La microfinance et le financement d’impact restent un moteur important au développement de certaines activités commerciales, en particulier dans les pays émergents. Parmi les acteurs de ce secteur figure Mikro Kapital, renommé MK Global Kapital début décembre. Le point sur les raisons de ce changement d’appellation avec Johannes Feist, CEO de MK Global Kapital, et sur les perspectives pour cette activité, notamment en Asie centrale.

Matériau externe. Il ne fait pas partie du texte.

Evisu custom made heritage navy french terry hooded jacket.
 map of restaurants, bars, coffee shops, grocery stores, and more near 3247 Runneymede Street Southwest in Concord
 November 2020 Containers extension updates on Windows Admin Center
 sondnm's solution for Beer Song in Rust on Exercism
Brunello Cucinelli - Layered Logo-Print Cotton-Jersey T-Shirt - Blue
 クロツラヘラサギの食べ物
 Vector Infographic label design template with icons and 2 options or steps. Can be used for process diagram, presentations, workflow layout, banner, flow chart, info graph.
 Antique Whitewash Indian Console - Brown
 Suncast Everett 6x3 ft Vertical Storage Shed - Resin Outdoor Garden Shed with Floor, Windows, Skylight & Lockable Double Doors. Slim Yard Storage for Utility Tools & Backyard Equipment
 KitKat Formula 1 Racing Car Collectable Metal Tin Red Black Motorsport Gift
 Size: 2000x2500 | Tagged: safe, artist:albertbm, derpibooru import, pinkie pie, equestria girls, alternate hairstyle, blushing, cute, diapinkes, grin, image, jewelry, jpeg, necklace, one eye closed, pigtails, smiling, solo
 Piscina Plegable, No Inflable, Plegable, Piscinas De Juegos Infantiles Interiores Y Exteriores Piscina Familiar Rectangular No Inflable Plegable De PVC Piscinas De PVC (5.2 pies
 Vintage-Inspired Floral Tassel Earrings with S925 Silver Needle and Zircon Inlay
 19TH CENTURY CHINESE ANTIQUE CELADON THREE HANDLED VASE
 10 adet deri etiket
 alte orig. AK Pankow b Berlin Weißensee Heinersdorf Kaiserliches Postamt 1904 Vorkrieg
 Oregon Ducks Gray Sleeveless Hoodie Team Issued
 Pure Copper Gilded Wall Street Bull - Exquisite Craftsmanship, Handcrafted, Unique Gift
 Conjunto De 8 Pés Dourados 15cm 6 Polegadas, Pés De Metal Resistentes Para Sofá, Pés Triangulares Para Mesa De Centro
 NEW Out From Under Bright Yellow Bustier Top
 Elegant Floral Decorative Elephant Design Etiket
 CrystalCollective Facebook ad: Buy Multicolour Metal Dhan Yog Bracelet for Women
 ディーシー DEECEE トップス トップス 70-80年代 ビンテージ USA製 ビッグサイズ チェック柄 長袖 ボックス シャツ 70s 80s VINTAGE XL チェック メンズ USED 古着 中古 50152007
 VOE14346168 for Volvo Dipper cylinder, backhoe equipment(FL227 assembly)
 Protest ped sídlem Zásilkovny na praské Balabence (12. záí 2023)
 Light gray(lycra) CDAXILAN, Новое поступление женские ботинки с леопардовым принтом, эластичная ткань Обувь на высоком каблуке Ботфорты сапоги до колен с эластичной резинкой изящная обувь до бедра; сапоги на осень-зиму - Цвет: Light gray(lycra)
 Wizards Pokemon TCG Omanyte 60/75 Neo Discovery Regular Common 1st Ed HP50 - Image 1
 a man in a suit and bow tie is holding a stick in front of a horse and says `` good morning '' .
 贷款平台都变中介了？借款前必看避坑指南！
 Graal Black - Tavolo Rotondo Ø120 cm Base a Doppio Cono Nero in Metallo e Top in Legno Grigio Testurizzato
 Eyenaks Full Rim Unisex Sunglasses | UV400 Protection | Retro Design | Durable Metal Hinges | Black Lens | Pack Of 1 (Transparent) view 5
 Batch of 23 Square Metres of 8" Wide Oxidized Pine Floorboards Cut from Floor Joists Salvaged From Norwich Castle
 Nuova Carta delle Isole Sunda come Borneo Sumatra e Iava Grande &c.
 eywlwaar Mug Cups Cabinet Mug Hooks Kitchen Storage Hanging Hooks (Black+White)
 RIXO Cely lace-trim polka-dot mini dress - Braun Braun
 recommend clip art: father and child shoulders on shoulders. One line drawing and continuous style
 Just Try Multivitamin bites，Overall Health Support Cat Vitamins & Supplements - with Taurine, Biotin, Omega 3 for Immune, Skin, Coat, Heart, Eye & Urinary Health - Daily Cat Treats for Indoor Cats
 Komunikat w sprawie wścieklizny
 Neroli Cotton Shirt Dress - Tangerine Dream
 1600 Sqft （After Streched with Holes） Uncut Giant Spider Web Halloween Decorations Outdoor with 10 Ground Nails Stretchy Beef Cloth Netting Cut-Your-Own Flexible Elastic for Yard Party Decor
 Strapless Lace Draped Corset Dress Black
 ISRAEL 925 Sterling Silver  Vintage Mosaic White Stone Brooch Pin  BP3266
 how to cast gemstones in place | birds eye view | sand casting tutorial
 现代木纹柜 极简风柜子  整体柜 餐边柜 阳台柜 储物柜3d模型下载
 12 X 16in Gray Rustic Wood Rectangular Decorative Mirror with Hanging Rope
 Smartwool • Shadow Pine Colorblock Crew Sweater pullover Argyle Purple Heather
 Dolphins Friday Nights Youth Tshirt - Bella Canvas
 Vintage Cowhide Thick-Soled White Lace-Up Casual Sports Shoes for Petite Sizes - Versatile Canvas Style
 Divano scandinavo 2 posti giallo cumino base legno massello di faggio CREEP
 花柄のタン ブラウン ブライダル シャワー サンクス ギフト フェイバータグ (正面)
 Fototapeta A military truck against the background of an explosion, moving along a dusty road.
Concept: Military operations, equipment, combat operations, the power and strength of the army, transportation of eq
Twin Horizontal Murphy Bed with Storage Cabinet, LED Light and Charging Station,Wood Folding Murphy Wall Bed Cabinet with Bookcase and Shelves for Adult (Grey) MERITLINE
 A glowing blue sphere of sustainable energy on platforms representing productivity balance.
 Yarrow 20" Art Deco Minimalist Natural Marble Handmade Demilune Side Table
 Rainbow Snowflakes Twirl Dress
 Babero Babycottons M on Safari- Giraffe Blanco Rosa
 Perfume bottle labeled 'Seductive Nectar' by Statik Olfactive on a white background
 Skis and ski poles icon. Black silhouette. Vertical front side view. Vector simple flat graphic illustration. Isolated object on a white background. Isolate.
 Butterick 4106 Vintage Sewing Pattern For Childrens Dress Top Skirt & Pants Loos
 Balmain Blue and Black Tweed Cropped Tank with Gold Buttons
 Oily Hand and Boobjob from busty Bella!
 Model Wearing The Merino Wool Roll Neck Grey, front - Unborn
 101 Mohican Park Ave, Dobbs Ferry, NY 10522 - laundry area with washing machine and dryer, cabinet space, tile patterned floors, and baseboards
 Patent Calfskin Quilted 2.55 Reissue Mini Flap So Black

Pour quelles raisons Mikro Kapital a-t-elle décidé de s’appeler désormais MK Global Kapital?

Le changement d’appellation a été motivé par le fait que nous sommes devenus un acteur plus global qu’auparavant. Si nous sommes toujours actifs avant tout dans la microfinance, MK Global Kapital propose aussi d’autres activités telles que le financement de leasing, au Kirghizistan notamment, ainsi que des services de co-voiturage («car-sharing») en République tchèque au Kazakhstan et bientôt au Vietnam par exemple. C’est la première fois dans l’histoire de notre société que nous sortons de l’Europe, de l’Europe de l’Est et de l’Asie centrale pour devenir actifs également en Asie de l’Est. C’est pourquoi le fait d’intégrer le mot «Global» dans le nom de notre société nous a semblé être approprié.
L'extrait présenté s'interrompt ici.